Deadline for submissions is 17th August, 2023 ❗. Please check the dates bellow.

mt-metrics-eval: the tool for calculating correlation numbers aka the sacreBLEU for metric developers. You can also dump the most recent test sets.

NEW: Codalab submission platform

Important Dates

Breaking round for challenge sets 25th July, 2023
System outputs ready to download 10th August, 2023
Submission deadline for metrics task 17th August, 2023 ❗
Paper submission deadline to WMT 5th September, 2023
WMT Notification of acceptance 6th October, 2023
WMT Camera-ready deadline 18th October, 2023
Conference 6th - 7th December, 2023


The goals of the shared metrics task are:

Task Description

We will provide you with the source sentences, output of machine translation systems and reference translations.

  1. Official results: Correlation with MQM scores at the sentence and system level for the following language pairs:
    • Hebrew-English (NEW!)
    • Chinese-English
    • English-German This will be a paragraph-level task!
  2. Secondary Evaluation: Correlation with official WMT Human Evaluation at the sentence and system level.


  1. QE as a Metric: In this subtask participants have to score machine translation systems without access to reference translations
  2. Challenge Sets: While other participants are worried with building stronger and better metrics, participants of this subtask have to build challengesets that identify where metrics fail!

How to participate?

Please fill the following registration form so we can keep track of participants. Since we will be using Codalab to handle all submissions you will also have to create an account on codalab and enroll in the competition.

Paper Describing Your Metric

You are invited to submit a short paper (4 to 6 pages) to WMT describing your automatic evaluation metric. Shared task submission description papers are non-archival, and you are not required to submit a paper if you do not want to. If you don’t, we ask that you give an appropriate reference describing your metric that we can cite in the overview paper.

Submission Format

The output of your software should produce scores for the translations either at the system-level or the segment-level (or preferably both).

Output file format for system-level rankings

The output files for system-level scores should be called YOURMETRIC.sys.score and formatted as tab-separated values (TSV) in the following way:


Output file format for segment-level scores

The output files for segment-level scores should be called YOURMETRIC.seg.score and formatted as tab-separated values (TSV) in the following way:


Each field should be delimited by a single tab character.



This year we will be using Codalab to handle all submissions.

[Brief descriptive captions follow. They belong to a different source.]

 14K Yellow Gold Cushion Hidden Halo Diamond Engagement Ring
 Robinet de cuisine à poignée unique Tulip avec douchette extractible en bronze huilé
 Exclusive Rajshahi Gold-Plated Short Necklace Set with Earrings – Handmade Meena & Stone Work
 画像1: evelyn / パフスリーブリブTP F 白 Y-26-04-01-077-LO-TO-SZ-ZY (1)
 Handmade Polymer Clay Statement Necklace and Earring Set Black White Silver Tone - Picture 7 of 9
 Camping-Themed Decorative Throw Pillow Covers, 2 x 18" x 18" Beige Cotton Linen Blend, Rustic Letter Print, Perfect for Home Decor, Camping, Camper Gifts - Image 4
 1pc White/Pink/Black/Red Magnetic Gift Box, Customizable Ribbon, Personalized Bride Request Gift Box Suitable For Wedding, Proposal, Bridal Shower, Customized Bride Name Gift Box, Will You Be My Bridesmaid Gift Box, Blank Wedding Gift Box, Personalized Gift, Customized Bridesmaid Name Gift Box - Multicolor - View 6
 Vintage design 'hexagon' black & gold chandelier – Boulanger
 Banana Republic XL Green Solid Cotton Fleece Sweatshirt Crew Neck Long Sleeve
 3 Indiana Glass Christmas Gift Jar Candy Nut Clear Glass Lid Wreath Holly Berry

Create a zip archive containing YOURMETRIC.sys.score and/or YOURMETRIC.seg.score, and upload it using the Submit / View Results tab under Participate. Fill in the meta-information for your team and metric, as prompted.

Each submission should contain scores for only one metric. The official metric name is the one that appears in the METRIC-NAME field in the score files.

Reference-free (aka QE) metrics must have src in the REFERENCE field; if a metric is reference free, it must be reference-free for both system- and segment-level scores.

If your submission contains only segment-level scores, we will fill in system-level scores by averaging.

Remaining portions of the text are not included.